Brits holidaying in Mallorca and Ibiza will have to pay DOUBLE the tourist tax from today

To add to holidaymakers' woes, the overall charge for a stay on the holiday islands will also see VAT added at ten per cent after Madrid announced it wanted some of the proceeds.

The new rates for the increased tourist tax will apply from May 1 until October 31 for all those over the age of 16, then it is cut by 50 per cent for the low season.

This summer will also be the first time cruise ship passengers have to pay the charge, as part of the Balearic's bid to bring in millions of euros of extra income.

Total revenue of around €120 million is expected in 2018.

Hoteliers have already warned that the extra fee will make holidaymakers seek out bargains elsewhere, particularly with the resurgence of destinations such as Tunisia or Egypt.
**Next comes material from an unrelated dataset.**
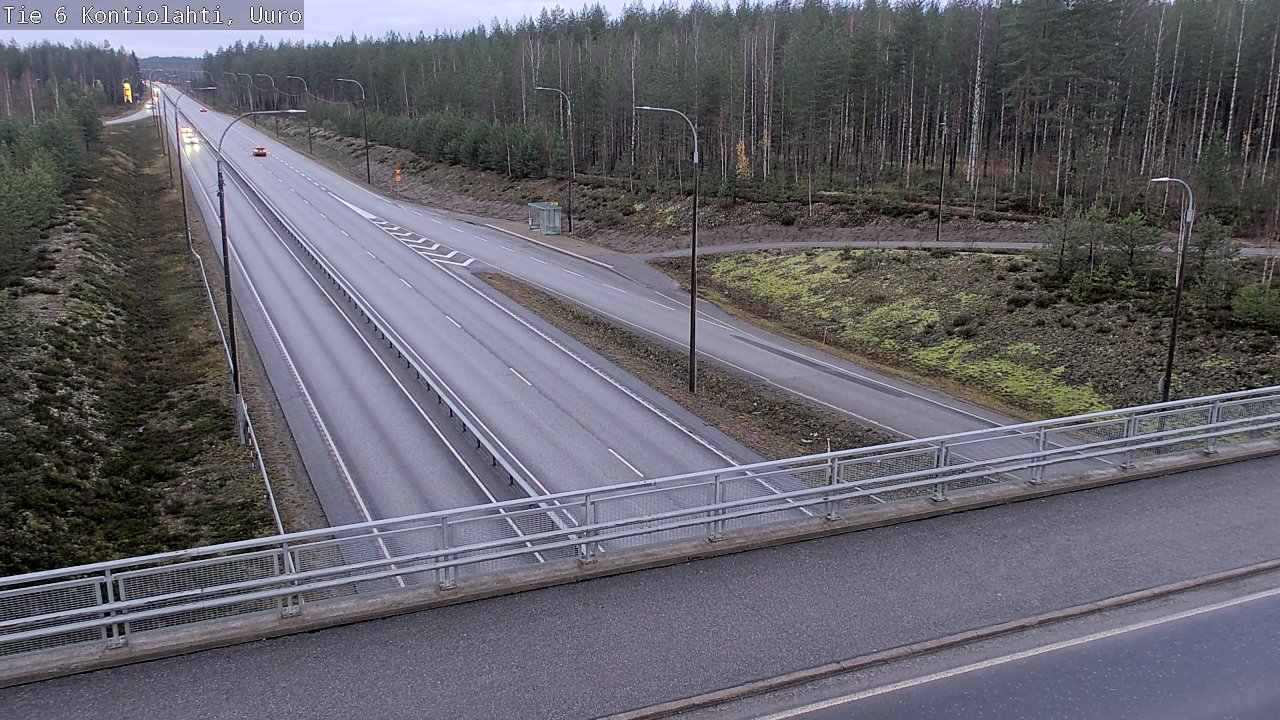 Kelikamerat Kuva Tie 6 Kontiolahti, Uuro, Kontiolahti, Pohjois-Karjala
They believe up to a million holidaymakers could be lost.

President of the Hotel Federation of Mallorca, Gabriel Llobera said: "Mallorca and the rest of the islands will lose competitiveness as a holiday destination with respect to Turkey, Egypt or Tunisia, which will devalue their currencies to be much more attractive for German and British tourism."

But the Balearic Government argues that the "sustainable tourism tax" only represents between 1.4 to 2.1 per cent of the daily expenditure of tourists visiting the islands.

They have written to both ABTA and Germany's equivalent, the DRV in defence of the charge, to explain how the money is being spent on issues like on upgrading sewage treatment and water plants.

A Balearic tourism department spokesperson said: "The number of visitors coming to the Balearic Islands continues to rise year after year and this generates greater environmental impacts.

"The revenues of the tax are primarily invested in environmental protection projects, in order to reduce these impacts and preserve our territory."

The doubling of the tourist tax from May 1 will mean guests staying in hotels, city hotels, five-star apartment hotels, five-star luxury and four-star superiors will pay €4 per day; those of four stars and three stars superior, €3; those of one, two and three stars, €2.

In rural hotels, it will be €2 per day; in hostels, hostels residences, pensions, inns, tourist camps and campsites, as well as shelters , it will be €2.

The tax decreases by 50 per cent on the ninth night of a holidaymaker's stay.

For the first time, the Government will also charge cruise ship passengers if they stop at a port in the Balearic Islands regardless of the berth time – up to now it was only charged after 12 hours.

The fee will be €2 and this alone is estimated to generate revenue of about €1.8 million.
The Balearic Government says the tax will still be "the lowest in Europe" compared to Brussels (average cost of €8), Florence (€5 ) and Amsterdam (€3).